The one he presents to Pepper looks delicious, brimming with delicately sautéed mushrooms. I know you’ll enjoy this recipe from our archives. 

For today’s feature we will have to seek Tony’s ever persistent rival, Justin Hammer, who wines and dines Stark’s Nemesis Whiplash to win him to his side. His dessert of choice features Italian ice cream, but true to Hammer’s casual way with authenticity, his is flown in from California.

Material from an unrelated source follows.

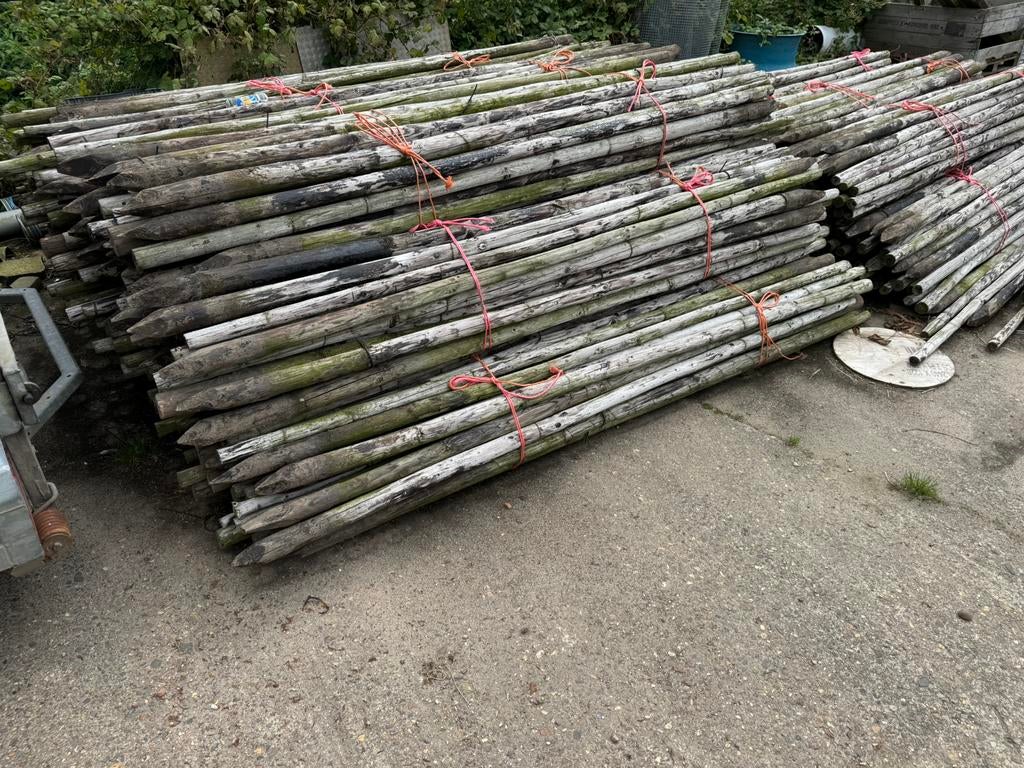 Boompalen, Tuin en Terras, Palen, Balken en Planken, Ophalen, Gebruikt, 250 cm of meer, Palen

Our recipe combines espresso ice cream with Italian Tiramisu in a frozen presentation. Delizioso!

Ice Cream Tiramisu Cake


  • 1 cup white sugar
  • 2/3 cup water
  • 1 1/2 cups brewed espresso
  • 1/3 cup coffee flavored liqueur
  • 1 (9 inch) sponge cake
  • 1/4 cup finely ground espresso beans
  • 2 pints espresso ice cream
  • 2 pints coffee ice cream


In a small saucepan over medium heat, combine sugar and water. Bring to a boil, then remove from heat and stir in espresso and coffee liqueur. Let cool completely.

Split the sponge cake in half horizontally to make two layers. Place bottom layer in a serving dish. Brush with 3/4 cup coffee syrup. Sprinkle 2 tablespoons ground espresso evenly over surface of cake. Beat the espresso ice cream with the paddle attachment of an electric mixer until spreadable. Spread over bottom cake layer. Place the top cake layer over the ice cream. Brush with remaining coffee syrup. Place in freezer 30 minutes.

Beat the coffee ice cream until spreadable. Spread the ice cream over the frozen cake, and swirl to make pretty. Return cake to freezer until firm.